··· PROVIDED DATA

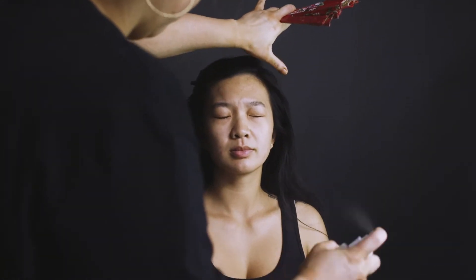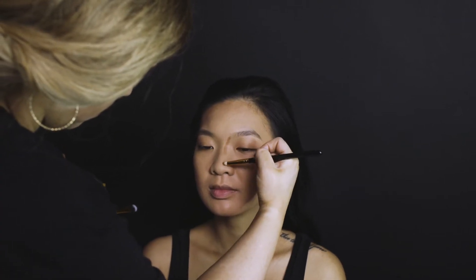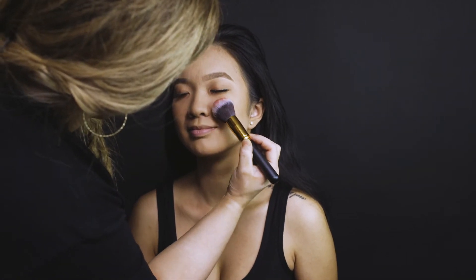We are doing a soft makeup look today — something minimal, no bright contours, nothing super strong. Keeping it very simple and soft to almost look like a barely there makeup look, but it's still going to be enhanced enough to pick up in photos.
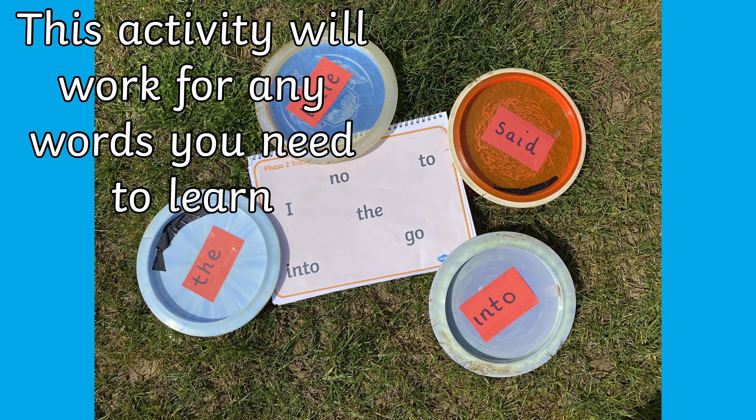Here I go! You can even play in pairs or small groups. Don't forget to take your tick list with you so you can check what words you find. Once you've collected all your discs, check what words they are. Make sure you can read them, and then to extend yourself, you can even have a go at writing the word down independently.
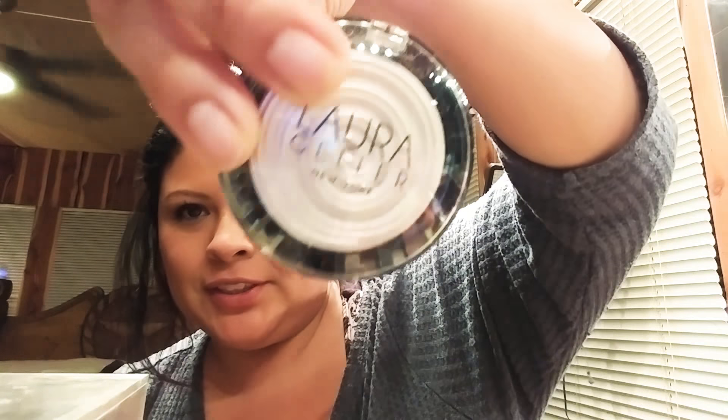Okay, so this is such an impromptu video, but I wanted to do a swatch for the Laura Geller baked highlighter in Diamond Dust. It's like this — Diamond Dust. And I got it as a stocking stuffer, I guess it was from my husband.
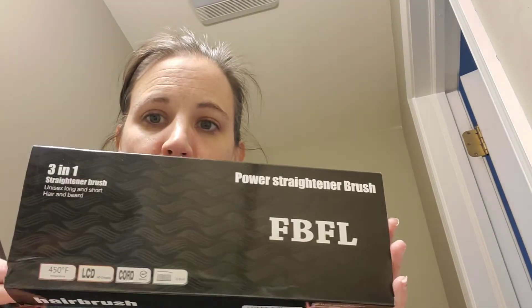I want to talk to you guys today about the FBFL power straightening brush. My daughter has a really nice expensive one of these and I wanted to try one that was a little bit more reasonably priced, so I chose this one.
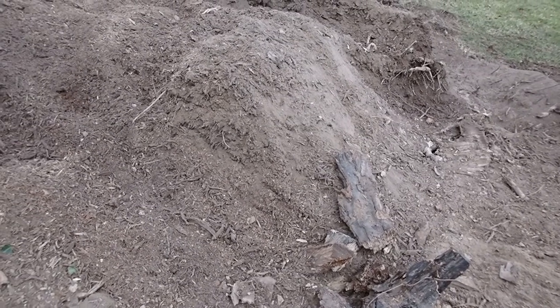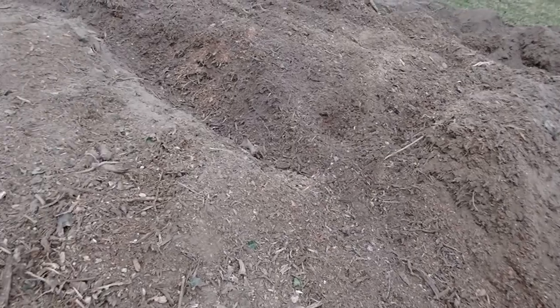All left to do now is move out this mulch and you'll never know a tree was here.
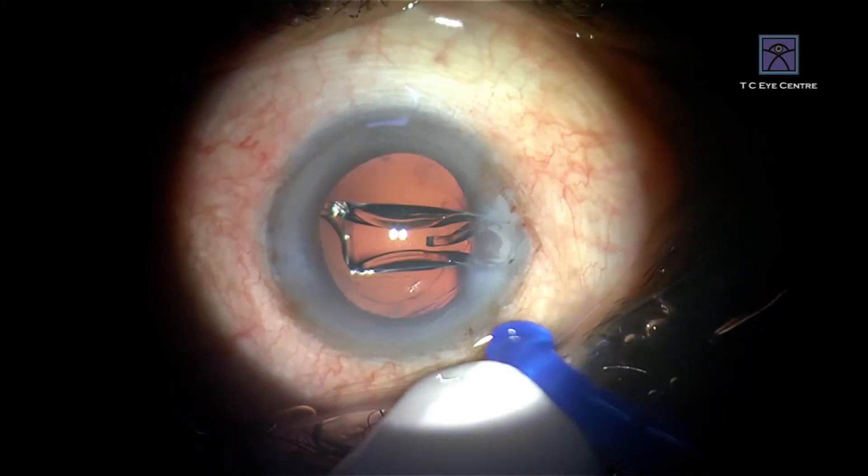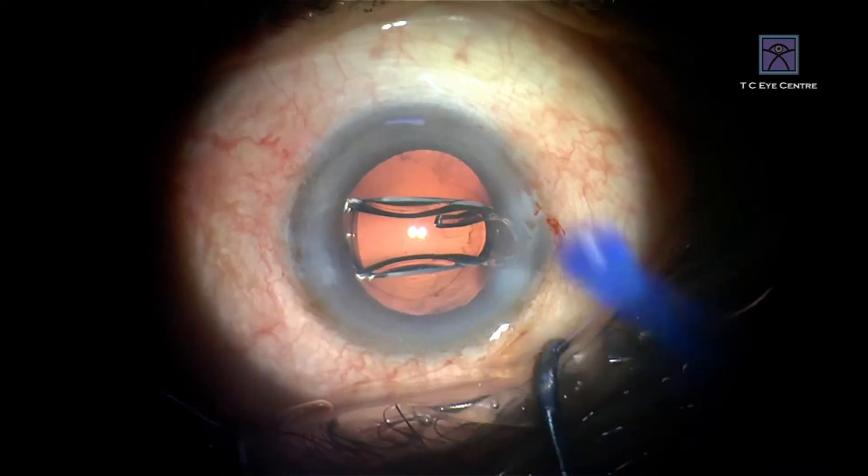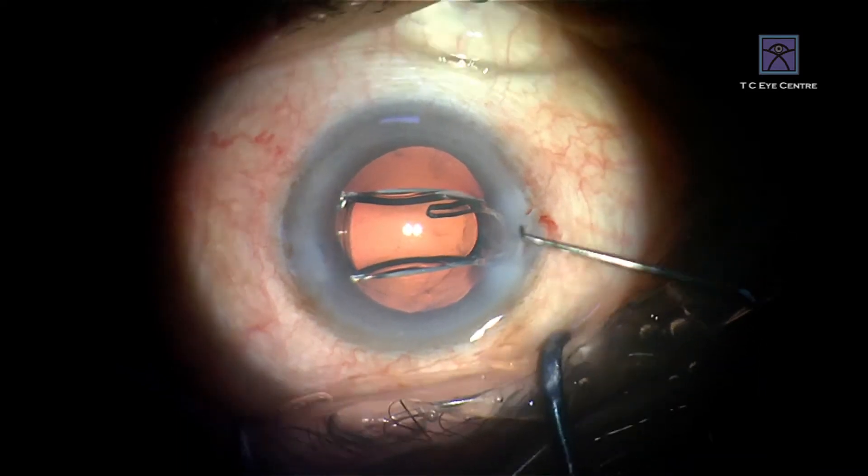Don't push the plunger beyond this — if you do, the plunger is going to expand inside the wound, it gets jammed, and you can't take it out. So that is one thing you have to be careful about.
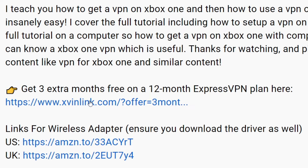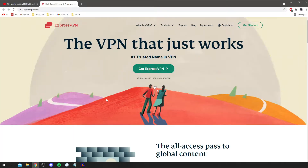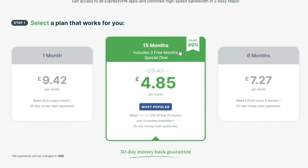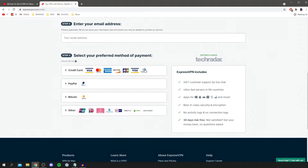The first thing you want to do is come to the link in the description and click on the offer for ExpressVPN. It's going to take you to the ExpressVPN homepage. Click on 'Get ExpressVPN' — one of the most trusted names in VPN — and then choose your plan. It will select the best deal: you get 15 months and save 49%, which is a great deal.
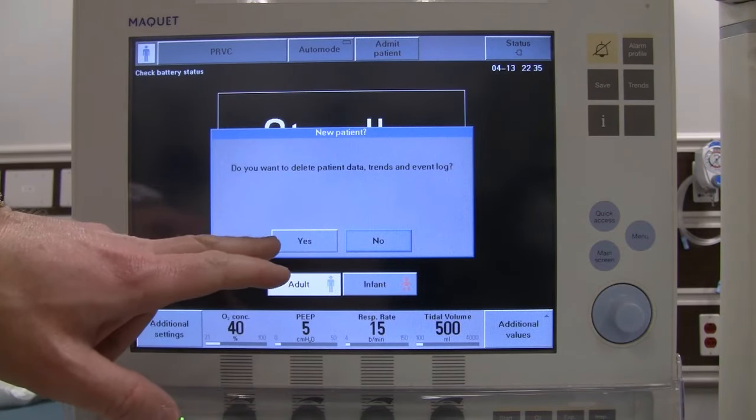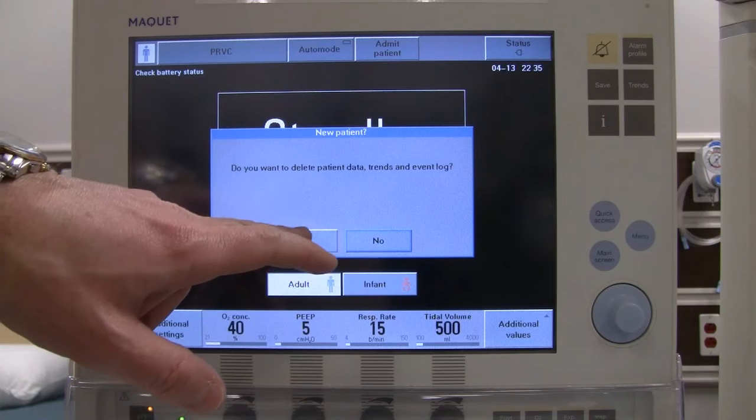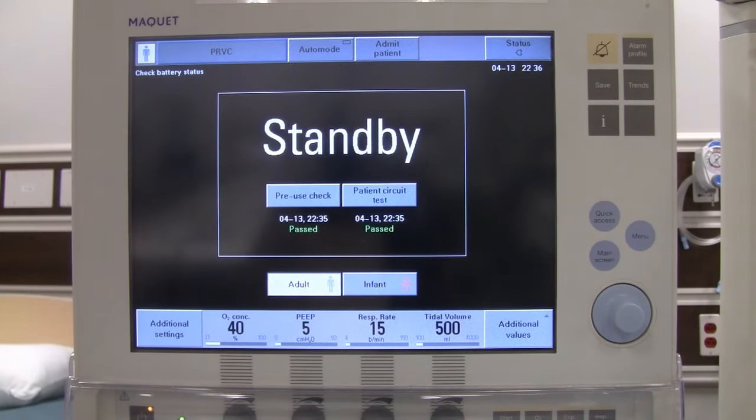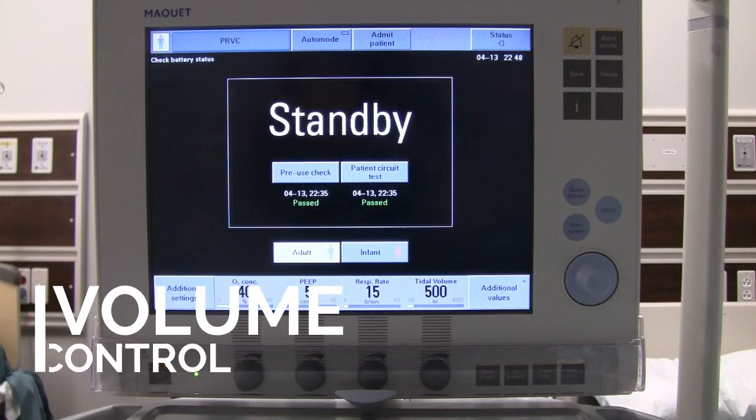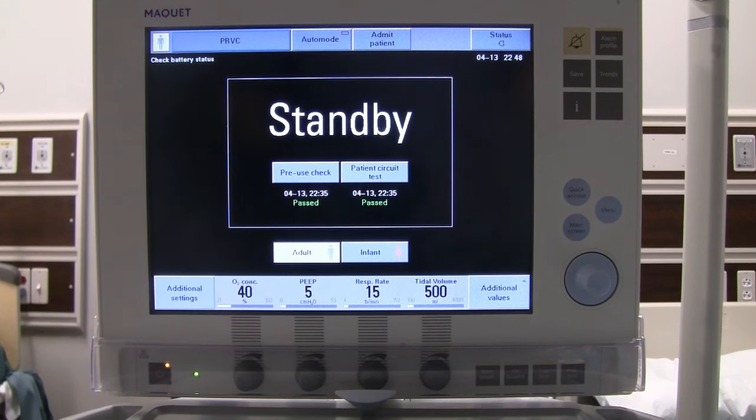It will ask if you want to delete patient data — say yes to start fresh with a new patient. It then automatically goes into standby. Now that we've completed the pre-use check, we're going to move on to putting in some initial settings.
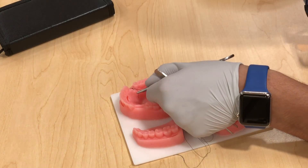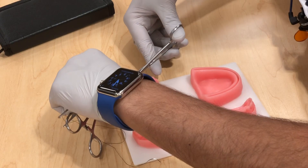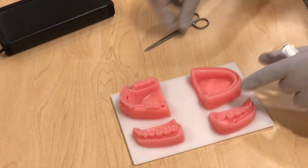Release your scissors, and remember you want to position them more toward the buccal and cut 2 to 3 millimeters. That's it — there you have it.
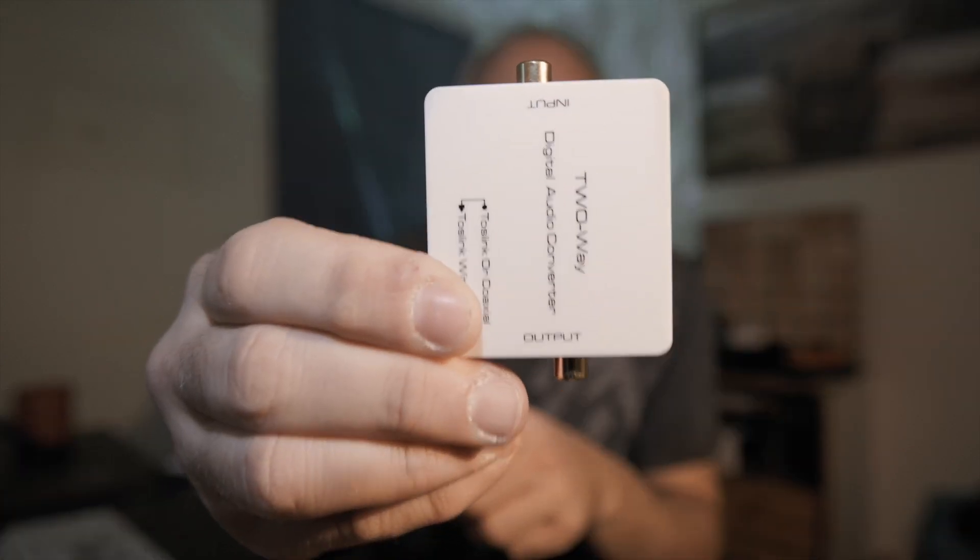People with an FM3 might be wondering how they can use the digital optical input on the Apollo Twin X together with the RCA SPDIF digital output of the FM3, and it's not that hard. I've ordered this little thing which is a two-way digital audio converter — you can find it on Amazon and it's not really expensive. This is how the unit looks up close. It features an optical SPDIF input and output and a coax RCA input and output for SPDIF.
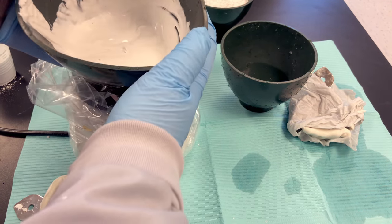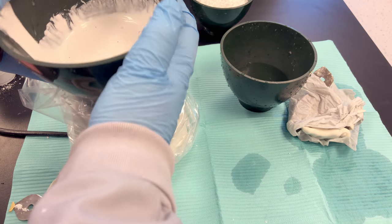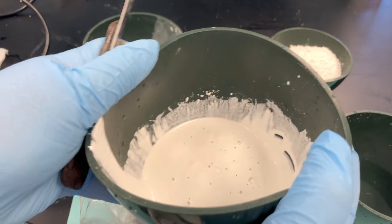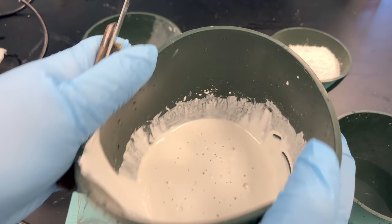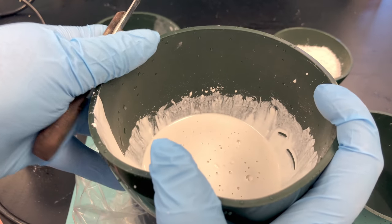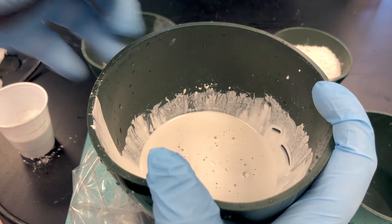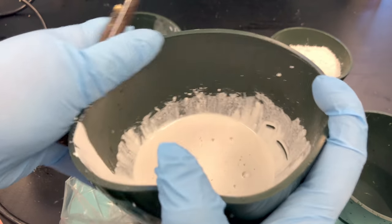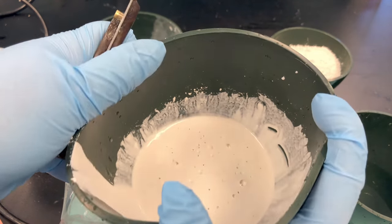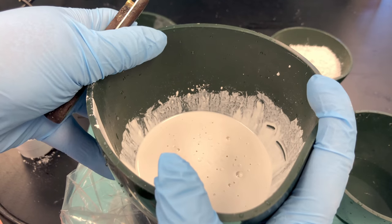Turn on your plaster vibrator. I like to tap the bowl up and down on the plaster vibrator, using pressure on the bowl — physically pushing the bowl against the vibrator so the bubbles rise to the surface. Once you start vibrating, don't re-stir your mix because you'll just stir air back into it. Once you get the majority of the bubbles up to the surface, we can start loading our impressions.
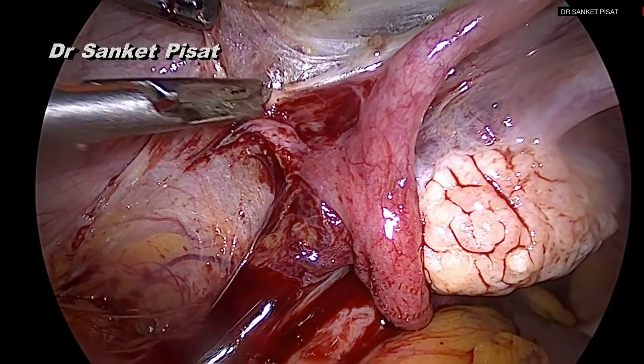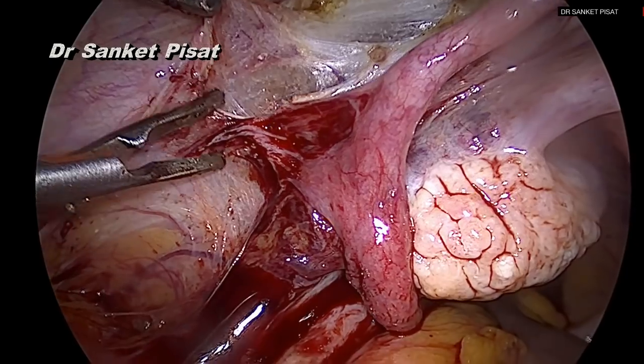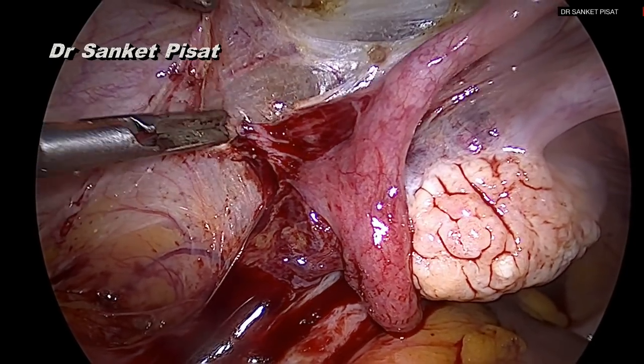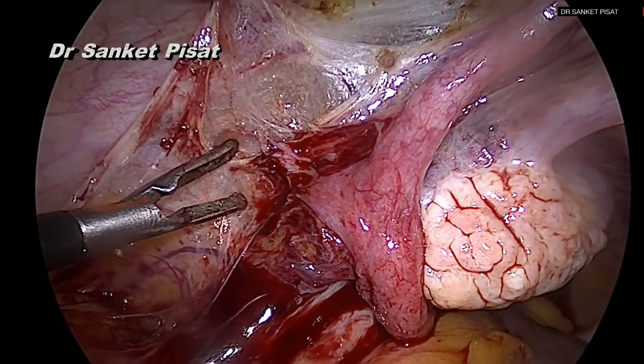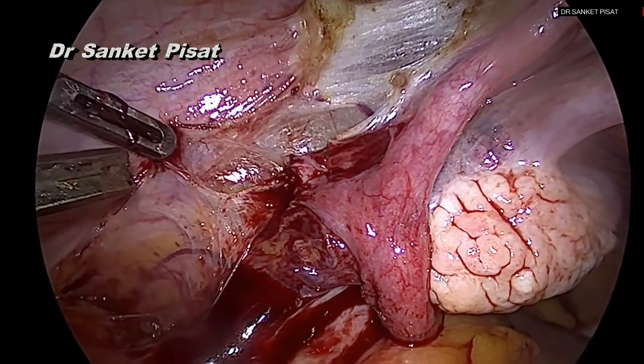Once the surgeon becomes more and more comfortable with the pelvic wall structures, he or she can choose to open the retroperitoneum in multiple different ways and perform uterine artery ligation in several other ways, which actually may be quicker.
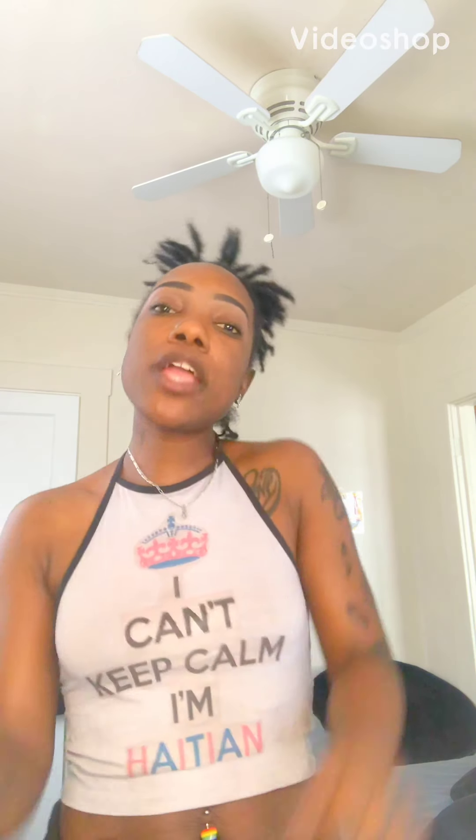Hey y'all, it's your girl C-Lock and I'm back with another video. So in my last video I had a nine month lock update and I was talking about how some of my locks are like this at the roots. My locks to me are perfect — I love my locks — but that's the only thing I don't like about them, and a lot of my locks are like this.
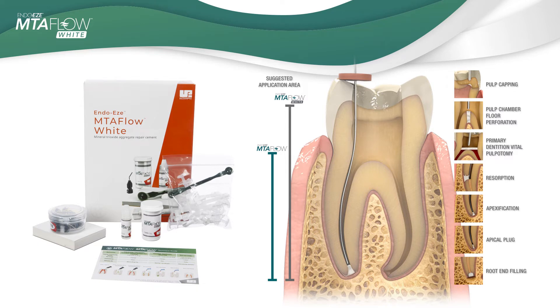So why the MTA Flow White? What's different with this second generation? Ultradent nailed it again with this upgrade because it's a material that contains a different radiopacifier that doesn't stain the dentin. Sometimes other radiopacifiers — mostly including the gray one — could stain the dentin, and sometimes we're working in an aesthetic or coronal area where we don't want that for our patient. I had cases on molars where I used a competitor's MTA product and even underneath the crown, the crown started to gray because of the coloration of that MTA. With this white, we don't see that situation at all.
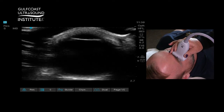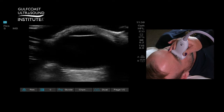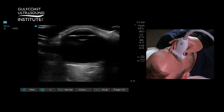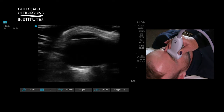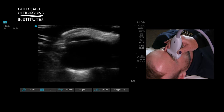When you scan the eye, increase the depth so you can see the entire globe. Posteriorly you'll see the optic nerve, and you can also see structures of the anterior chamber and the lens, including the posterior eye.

······

# PROBLEM:
Look above and copy only the lines from the one holding "All left to" to the one holding "Turn on your", both included, exactly, minus the pictures.

# ANSWER SPACE:
All left to do now is move out this mulch and you'll never know a tree was here.
Don't push the plunger beyond this — if you do, the plunger is going to expand inside the wound, it gets jammed, and you can't take it out. So that is one thing you have to be careful about.
The first thing you want to do is come to the link in the description and click on the offer for ExpressVPN. It's going to take you to the ExpressVPN homepage. Click on 'Get ExpressVPN' — one of the most trusted names in VPN — and then choose your plan. It will select the best deal: you get 15 months and save 49%, which is a great deal.
It will ask if you want to delete patient data — say yes to start fresh with a new patient. It then automatically goes into standby. Now that we've completed the pre-use check, we're going to move on to putting in some initial settings.
Release your scissors, and remember you want to position them more toward the buccal and cut 2 to 3 millimeters. That's it — there you have it.
People with an FM3 might be wondering how they can use the digital optical input on the Apollo Twin X together with the RCA SPDIF digital output of the FM3, and it's not that hard. I've ordered this little thing which is a two-way digital audio converter — you can find it on Amazon and it's not really expensive. This is how the unit looks up close. It features an optical SPDIF input and output and a coax RCA input and output for SPDIF.
Turn on your plaster vibrator. I like to tap the bowl up and down on the plaster vibrator, using pressure on the bowl — physically pushing the bowl against the vibrator so the bubbles rise to the surface. Once you start vibrating, don't re-stir your mix because you'll just stir air back into it. Once you get the majority of the bubbles up to the surface, we can start loading our impressions.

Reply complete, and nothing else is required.